◆ RECORDED DATA
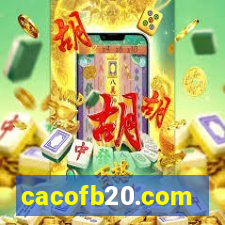 cacofb20.com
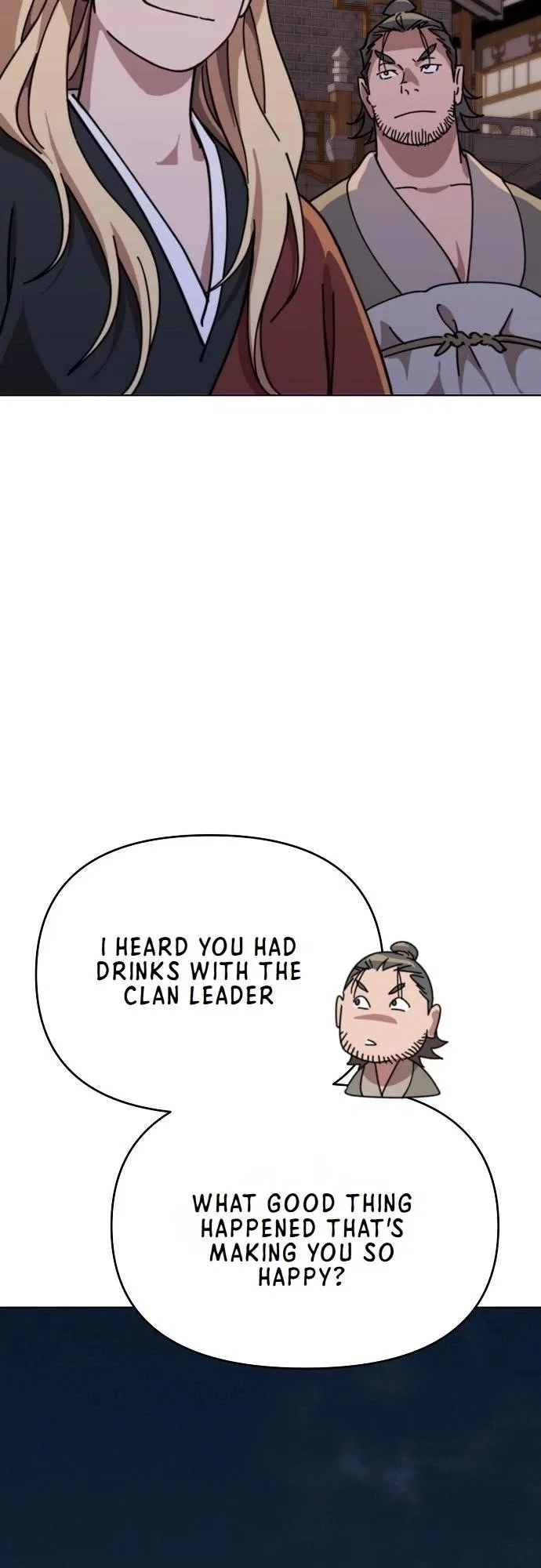 The Monkey King’s Journey to the Murim Chapter 21 – Page 45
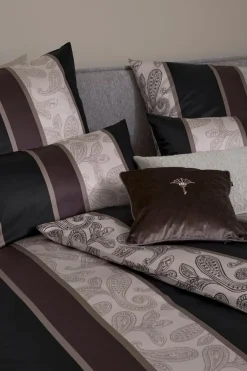 JOOP! Bettwäsche|Bettwäsche Paisley 135 x 200 cm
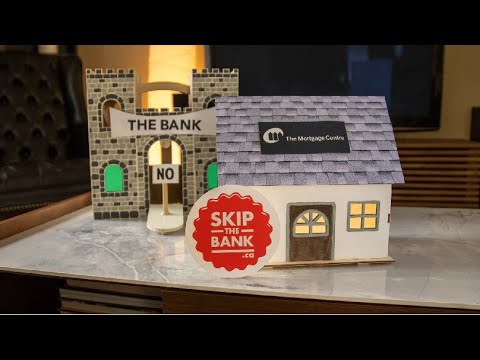 Increase Your Chance for Success With Skip the Bank!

◆ TASK DIRECTIONS
Extract, word for word, every line from the one holding "The Monkey King’s" through the closing line of the data above. Do not include any pictures.

◆ THE ANSWER
 The Monkey King’s Journey to the Murim Chapter 21 – Page 45
 JOOP! Bettwäsche|Bettwäsche Paisley 135 x 200 cm
 Increase Your Chance for Success With Skip the Bank!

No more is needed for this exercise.